Flexibility is a good thing – especially for sports professionals, gymnasts, and those of us balancing work and domestic commitments. In a pension context, the increased flexibility introduced by the 2015 freedom and choice reforms has generally been seen as a welcome response to the evolving nature and shape of retirement. The flexibilities have proved popular, with over 3.7 million transactions in the first three years of the policy.
However, as anyone suffering from hypermobility knows, the premium of flexibility carries the downside risk of serious injury due to stretching beyond what was ever intended. There comes a point where the elastic band snaps. Greater freedom and choice for retirees is inevitably accompanied by the risk of poor choices which may jeopardise an individual’s retirement savings. Pension flexibilities can be a particularly fertile ground for pension scammers.

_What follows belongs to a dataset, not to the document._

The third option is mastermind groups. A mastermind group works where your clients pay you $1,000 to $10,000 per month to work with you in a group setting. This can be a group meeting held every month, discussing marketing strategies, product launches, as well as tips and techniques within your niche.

This, of course, leaves trustees between a rock and a hard place in managing member transfer requests. The tide has been turning in favour of significant due diligence in protecting against pension scams, particularly with the helpful matrices set out in the Pension Scams Industry Group’s updated voluntary code of practice. That said, trustees should also be aware of a recent decision by the Ombudsman indicating that excessive due diligence is not a good thing, and could result in provider liability for any delay causing investment loss to the transferring member.

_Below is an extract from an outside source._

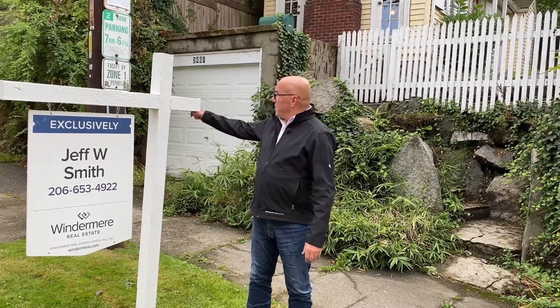Hi everybody, I'm Jeff Smith, a broker with Capitol Hill Windermere, standing on 22nd Avenue East in the beautiful community of Montlake. I had a listing just up the street earlier this year and got to know the neighbors on this street — they're very proud of 22nd Avenue East. In fact, everybody I talked to thought that this was the best street in Montlake.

In this case (Mr S – PO 19383), the member had requested a transfer of his SIPP to his occupational pension arrangement – the Universities Superannuation Scheme. Despite the USS’s significant size and established nature, and the fact that Mr S had been a member of the USS for many years, the administrator continued to request a full suite of scheme deeds and certified bank statements – leading to a four-month delay in making the requested transfer. Here, the Deputy Pensions Ombudsman decided that the administrator had undertaken excessive and disproportionate due diligence, resulting in the member losing out on investment growth and suffering distress and inconvenience.
As a cautionary tale, this case gives a few helpful take-away points for trustees assessing transfer requests. Firstly, the Deputy Ombudsman commented that fund reconciliations and due diligence and checks should have been carried out concurrently – it was not reasonable to start due diligence several months after the request had been made, once the initial fund reconciliation had been completed. Secondly, while adhering to the checks set out in voluntary code is advisable, this does not override the requirement for a proportionate approach to due diligence. Finally, the Deputy Ombudsman comments that she cannot see why more than a few weeks was necessary to complete due diligence on a large and established occupational pension scheme. It is important to keep in mind how long checks are taking, and whether they are proportionate to the transfer being requested, particularly where the risk of a pension scam has already been identified as near zero.
It is reassuring that the Deputy Ombudsman went to lengths to stress the importance of due diligence aimed at avoiding pension scams; for example, even with a well-known, well-established scheme, it would be important to ensure that the scheme is what it claims to be, and not a cloned scheme with a near-identical name. At the same time, however, this is a timely reminder that a one-size-fits-all approach to assessing transfer requests is not advisable.